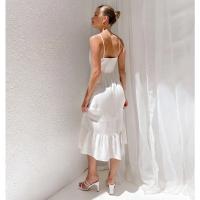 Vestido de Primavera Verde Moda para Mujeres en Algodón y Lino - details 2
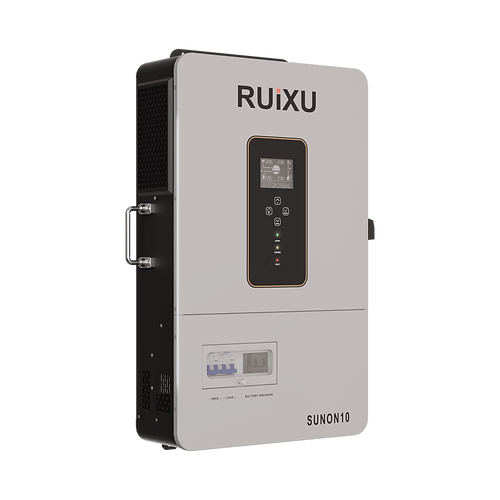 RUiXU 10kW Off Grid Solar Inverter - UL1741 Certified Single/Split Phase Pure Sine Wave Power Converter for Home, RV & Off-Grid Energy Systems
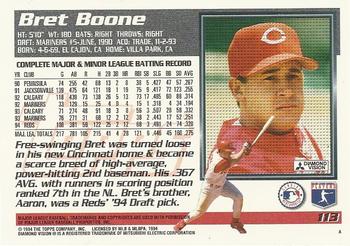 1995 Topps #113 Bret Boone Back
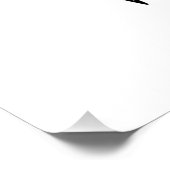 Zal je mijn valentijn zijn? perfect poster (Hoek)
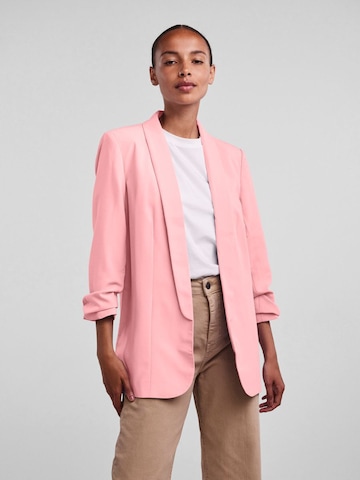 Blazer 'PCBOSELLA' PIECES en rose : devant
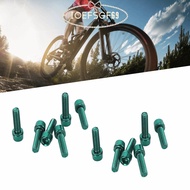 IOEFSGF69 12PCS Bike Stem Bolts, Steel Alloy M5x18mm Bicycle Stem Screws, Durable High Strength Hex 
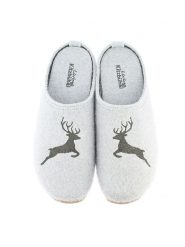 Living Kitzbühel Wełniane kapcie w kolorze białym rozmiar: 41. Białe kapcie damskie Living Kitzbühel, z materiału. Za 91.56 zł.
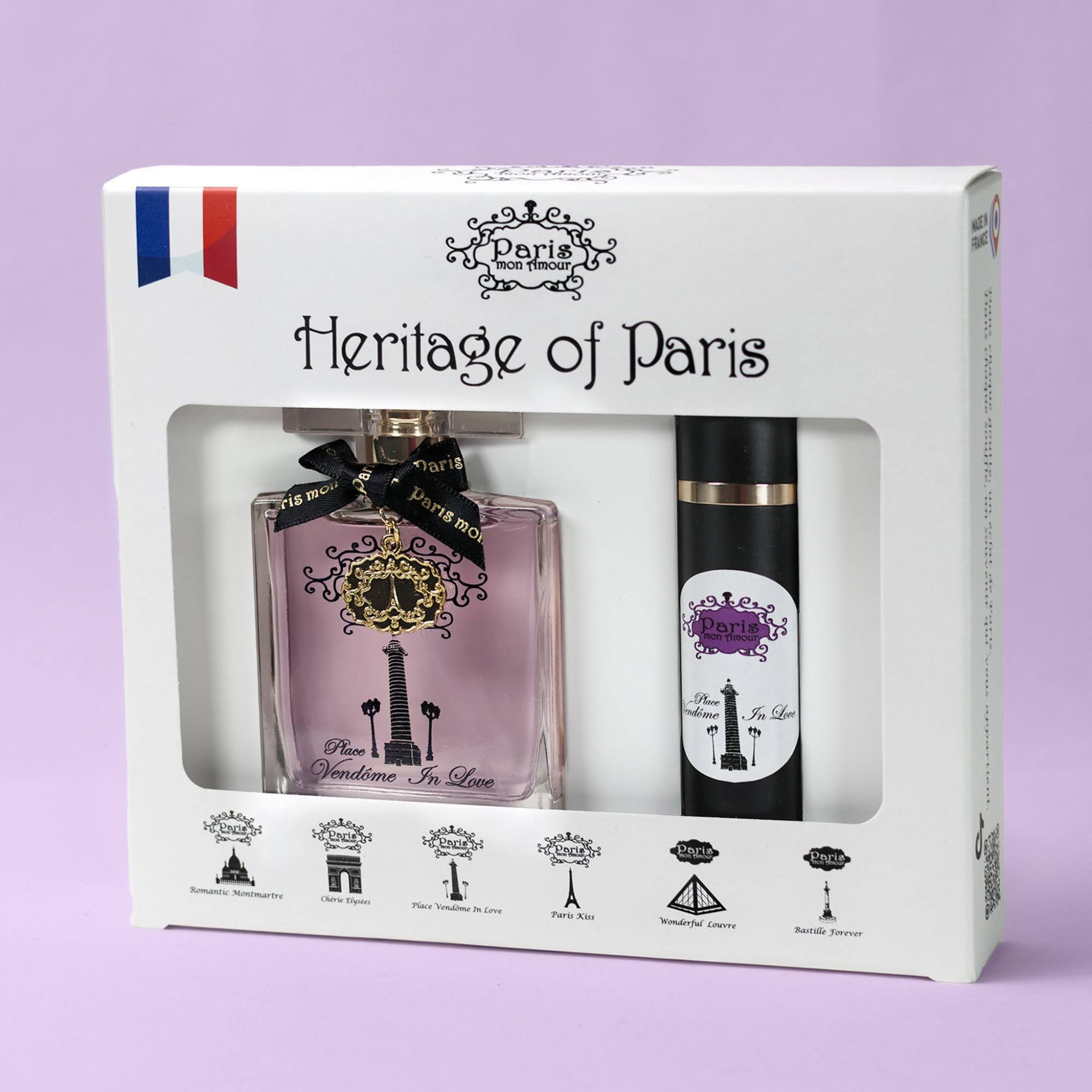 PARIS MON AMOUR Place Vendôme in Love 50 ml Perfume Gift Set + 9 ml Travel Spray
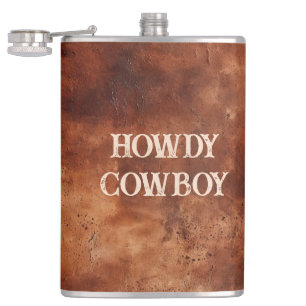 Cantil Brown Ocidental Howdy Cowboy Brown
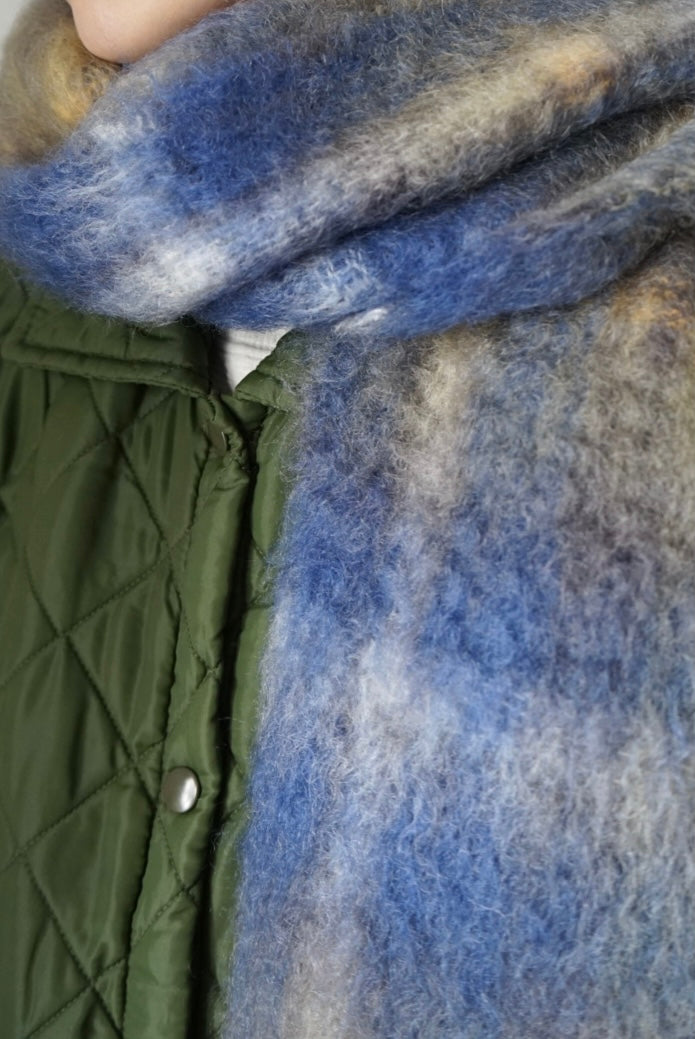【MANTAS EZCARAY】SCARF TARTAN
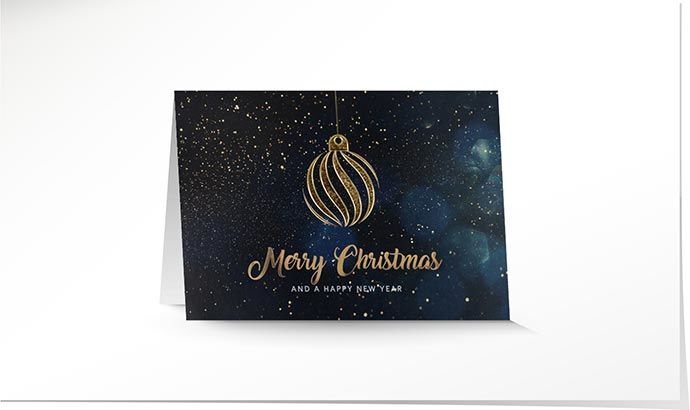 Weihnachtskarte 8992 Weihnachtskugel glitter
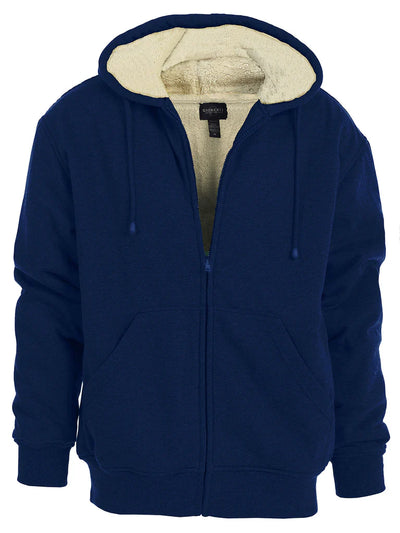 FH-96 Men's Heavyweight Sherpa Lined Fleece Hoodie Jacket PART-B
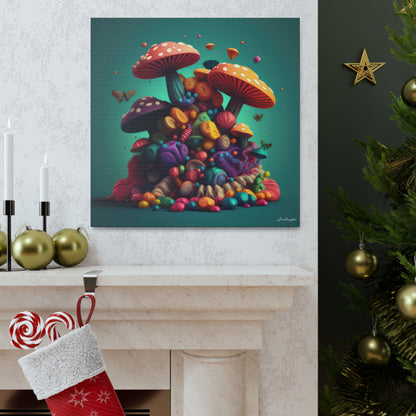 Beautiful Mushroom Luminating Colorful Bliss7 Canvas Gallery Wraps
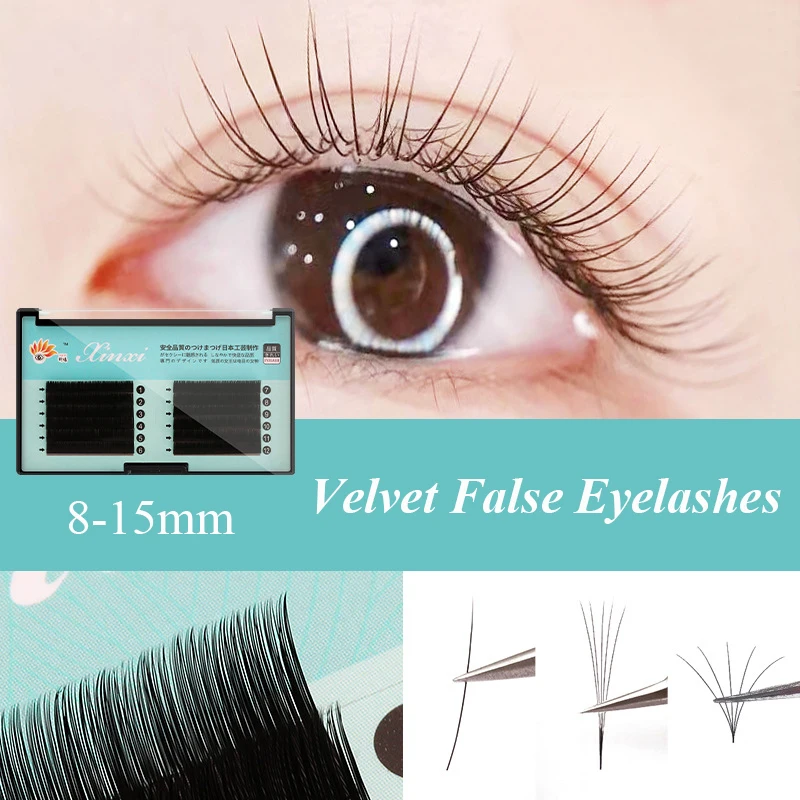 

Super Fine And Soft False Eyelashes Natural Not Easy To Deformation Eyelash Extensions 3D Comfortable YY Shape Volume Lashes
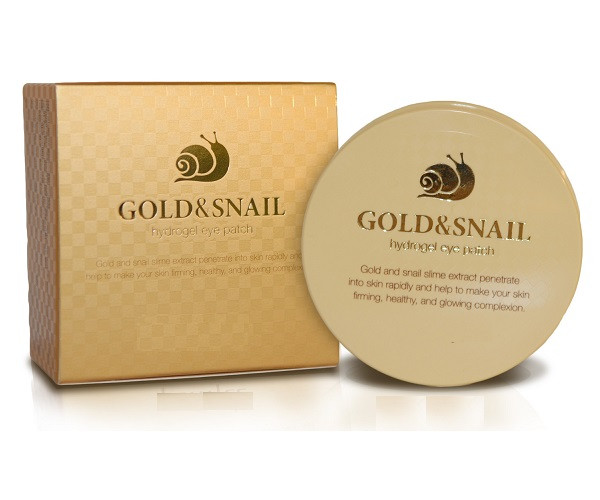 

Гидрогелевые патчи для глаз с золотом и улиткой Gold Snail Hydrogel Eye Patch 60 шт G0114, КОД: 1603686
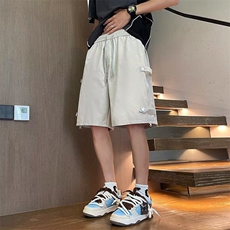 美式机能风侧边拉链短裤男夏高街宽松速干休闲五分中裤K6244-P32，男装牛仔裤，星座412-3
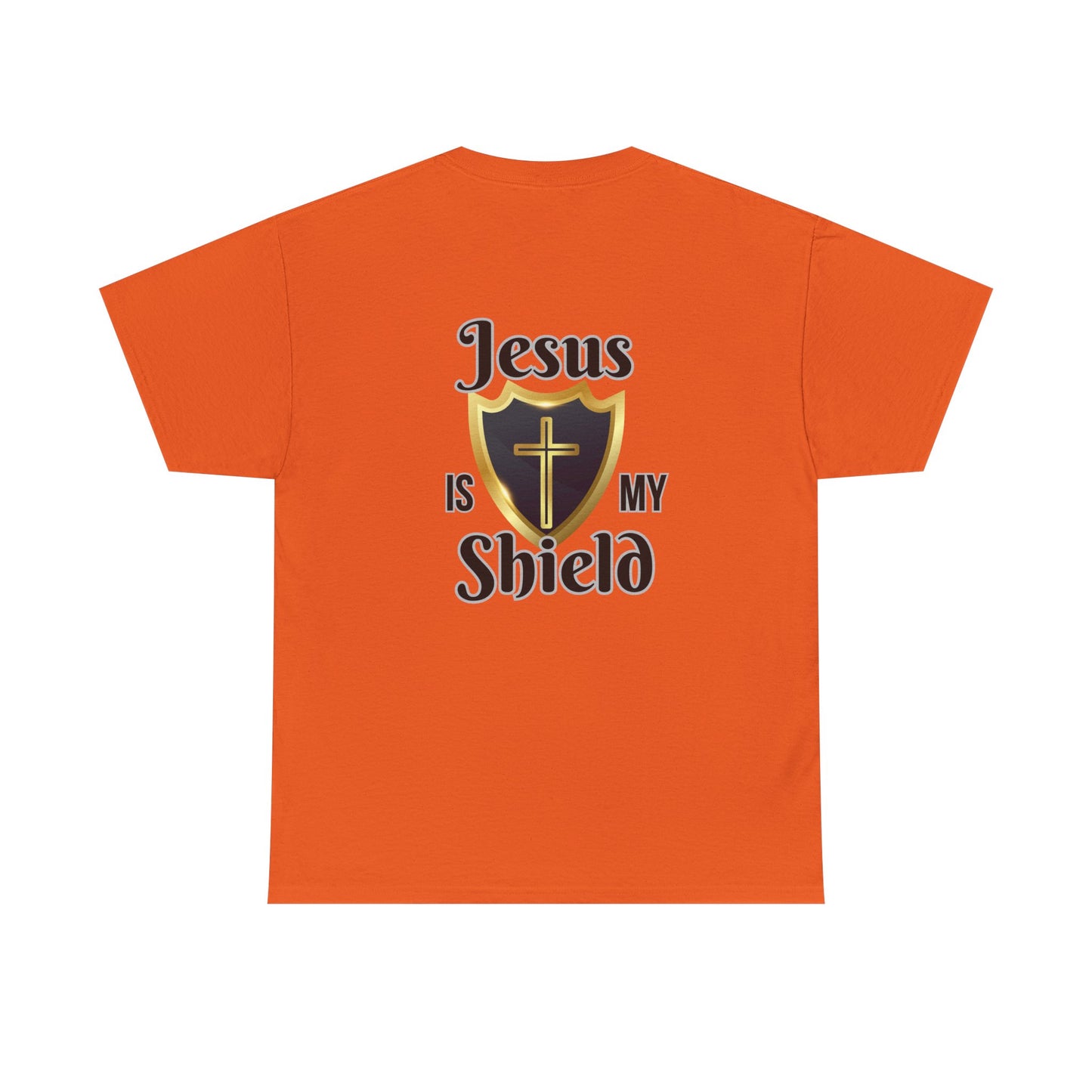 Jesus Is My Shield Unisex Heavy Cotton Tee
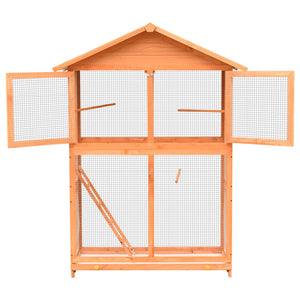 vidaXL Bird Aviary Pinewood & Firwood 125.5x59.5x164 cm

----

■ **PROBLEM DETAILS**:
In the copy, no pictures are to appear; write out exactly the lines from the one containing "RUiXU 10kW Off" through the end of the listing above and no further lines.

■ **REPLY**:
 RUiXU 10kW Off Grid Solar Inverter - UL1741 Certified Single/Split Phase Pure Sine Wave Power Converter for Home, RV & Off-Grid Energy Systems
 1995 Topps #113 Bret Boone Back
 Zal je mijn valentijn zijn? perfect poster (Hoek)
 Blazer 'PCBOSELLA' PIECES en rose : devant
 IOEFSGF69 12PCS Bike Stem Bolts, Steel Alloy M5x18mm Bicycle Stem Screws, Durable High Strength Hex 
 Living Kitzbühel Wełniane kapcie w kolorze białym rozmiar: 41. Białe kapcie damskie Living Kitzbühel, z materiału. Za 91.56 zł.
 PARIS MON AMOUR Place Vendôme in Love 50 ml Perfume Gift Set + 9 ml Travel Spray
 Cantil Brown Ocidental Howdy Cowboy Brown
【MANTAS EZCARAY】SCARF TARTAN
 Weihnachtskarte 8992 Weihnachtskugel glitter
 FH-96 Men's Heavyweight Sherpa Lined Fleece Hoodie Jacket PART-B
 Beautiful Mushroom Luminating Colorful Bliss7 Canvas Gallery Wraps

Super Fine And Soft False Eyelashes Natural Not Easy To Deformation Eyelash Extensions 3D Comfortable YY Shape Volume Lashes

Гидрогелевые патчи для глаз с золотом и улиткой Gold Snail Hydrogel Eye Patch 60 шт G0114, КОД: 1603686
 美式机能风侧边拉链短裤男夏高街宽松速干休闲五分中裤K6244-P32，男装牛仔裤，星座412-3
 Jesus Is My Shield Unisex Heavy Cotton Tee
 vidaXL Bird Aviary Pinewood & Firwood 125.5x59.5x164 cm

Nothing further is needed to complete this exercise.